Vega und Samson unter den Beta-Testern

Weitere Beta-Tester finden sich beim Aktorik-Anbieter Samson. Dort beurteilt Stefan Erben, Leiter der Zentralabteilung Entwicklung, die ersten Erfahrungen im Beta-Test-Programm als positiv. Als Hersteller smarter Stellventile arbeite Samson an zukünftigen Standards mit: „Wir unterstützen die Entwicklung der FDI-Integrationstools so früh wie möglich. Die Ansätze sind vielversprechend.“

Karsten Schneider weiß bereits vor Abschluss der Beta-Tests, dass noch Fehler gefunden wurden: „Auch einige Anregungen zur Usability gab es.“ Dennoch stünde aus heutiger Sicht einem Release im Sommer nichts im Wege. Wenn dann die Erstellung der FDI Device Packages funktioniert, kann es eigentlich schon losgehen. FDI-Server in den Leitsystemen, die diese Pakete verwalten, stellen die Informationen den so genannten FDI Clients, also etwa einem Asset-Management-Tool, zur Verfügung.

Das Beste aus zwei Welten? Der Nutzer entscheidet

FDI also wirklich das Beste aus beiden Welten? Anwender und Gerätehersteller werden letztlich darüber abstimmen – einfach per Nachfrage und Einsatz der neuen Geräteintegrationstechnologie. Schneider jedenfalls ist überzeugt, dass die Feldbustechnik durch FDI künftig mehr Akzeptanz in der Prozessautomation gewinnen wird.
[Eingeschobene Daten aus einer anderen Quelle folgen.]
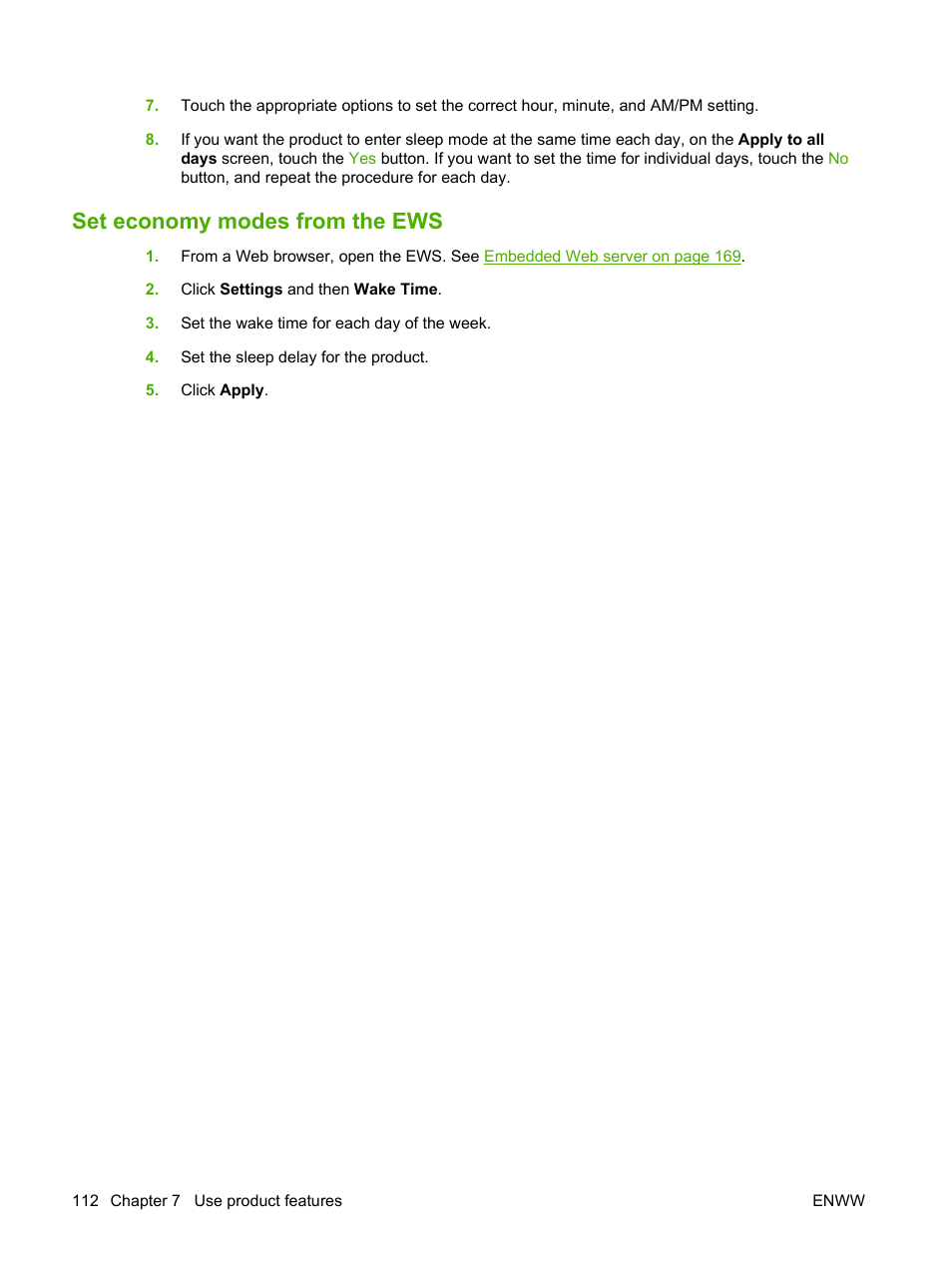 Set economy modes from the ews | HP CM3530 User Manual | Page 126 / 302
Er betont: „Die Nutzung von intelligenten Feldgeräten wird wesentlich vereinfacht.“ Für ihn ist die Kombination aus harmonisierter EDD zur Gerätebeschreibung und den graphischen Möglichkeiten von FDT eine runde Sache. Wer als Gerätehersteller FDI unterstütze, habe beide Seiten abgedeckt: die FDT- und die EDD-Welt. Und für den Anwender erweitert sich die Angebotsvielfalt, weil er beispielsweise auch mit einem FDT-Tool FDI-Geräte konfigurieren kann. Nicht mehr das auf EDDL oder FDT/DTM ausgelegte Prozessleitsystem gibt künftig vor, welche Sensoren und Aktoren eingesetzt werden. Mit dem Standard FDI fallen Grenzen weg, durch die Betreiber bislang entweder die zweitbeste Gerätelösung wählen oder mit einem hohen Inte­grationsaufwand leben mussten. Auch wenn die Integration wohl dennoch bis auf Weiteres nicht so einfach wie das Knopf-Annähen werden wird – mit der FDI-Spezifikation und den bald fertigen Tools gibt es das geeignete Werkzeug.